# Best Pans for Home (Hexclad? All-clad?)



## treillw (Nov 9, 2021)

I currently have a few Calphalon nonstick pans and a couple Finex cast iron skillets. I can't really use the Finex anymore, because my wife has Hemochromatosis - a condition where her body can't expel iron. Her iron is about 7x a typical persons iron level. If gone unchecked for years, it can cause organ problems. Thankfully she has no issues, other than she needs to modify her diet and jump through hoops to avoid iron. The nonstick coating on the Calphalon is peeling off and they need to be replaced. This will be the second time they have been replaced and I want to get something different, but I'm not really sure what to get.

I have two ideas: All-clad stainless pan or Hexclad. I have never cooked with a stainless pan before and imagine it will be a big pain to clean and that food will stick to it badly. The Hexclad looks great from a lot of the reviews and from the fact that Gordon Ramsay endorses them. Whether that endorsement is genuine, or just to add a couple more zeros to the bank account, I cannot say. He seems like a no nonsense kind of guy that wouldn't risk his reputation with anything but the best. Then if you start watching some reviews from youtube "experts", you might have some differing thoughts.

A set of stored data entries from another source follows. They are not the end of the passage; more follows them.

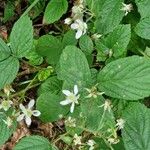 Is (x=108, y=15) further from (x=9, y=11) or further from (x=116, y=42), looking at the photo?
(x=9, y=11)

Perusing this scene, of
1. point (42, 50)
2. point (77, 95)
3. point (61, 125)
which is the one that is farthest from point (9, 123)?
point (61, 125)

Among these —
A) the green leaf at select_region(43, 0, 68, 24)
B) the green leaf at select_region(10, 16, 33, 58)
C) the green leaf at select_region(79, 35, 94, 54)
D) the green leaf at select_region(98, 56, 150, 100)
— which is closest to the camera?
the green leaf at select_region(98, 56, 150, 100)

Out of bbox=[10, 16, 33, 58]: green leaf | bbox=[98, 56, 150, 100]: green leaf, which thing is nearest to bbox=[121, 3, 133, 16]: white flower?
bbox=[98, 56, 150, 100]: green leaf

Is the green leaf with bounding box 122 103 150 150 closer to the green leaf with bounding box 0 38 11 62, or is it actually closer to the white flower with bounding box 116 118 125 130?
the white flower with bounding box 116 118 125 130

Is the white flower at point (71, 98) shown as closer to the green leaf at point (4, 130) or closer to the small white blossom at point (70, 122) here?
the small white blossom at point (70, 122)

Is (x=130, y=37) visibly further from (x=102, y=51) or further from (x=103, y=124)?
(x=103, y=124)

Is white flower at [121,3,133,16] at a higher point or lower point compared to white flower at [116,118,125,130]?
higher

I watched the video at the link below and it appears that the pans aren't as scratch resistant as they claim to be. The video is kind of lunacy and anybody who abuses a pan this badly deserves the consequences. But at the same time, over a lifetime some of that coating has to come off and be ingested, which I'm not crazy about. The All-clad will probably last longer and be safer, but I'm envisioning it being a pain. 





So what pans would you get? We have a blue star range, if that matters.

Thank you!


----------



## treillw (Nov 9, 2021)

I should probably add that I like to use high heat a lot of the time.


----------



## phatch (Mar 29, 2002)

Teflon is a good choice generally, but you'll be replacing them every 2-3 years. And their high heat behaviors can be problematic, mostly if you let the pan get too hot.

But what do you mean by high heat? Most steel or aluminum pans are going to warp if you heat them to 500 degrees and put food in them, 500 being when teflon starts to off gas.

Consider this video where they cook with non-stick. Note he uses a laser thermometer to take pan temps to show what's happening as they cook in the non-stick for the purposes of this dish.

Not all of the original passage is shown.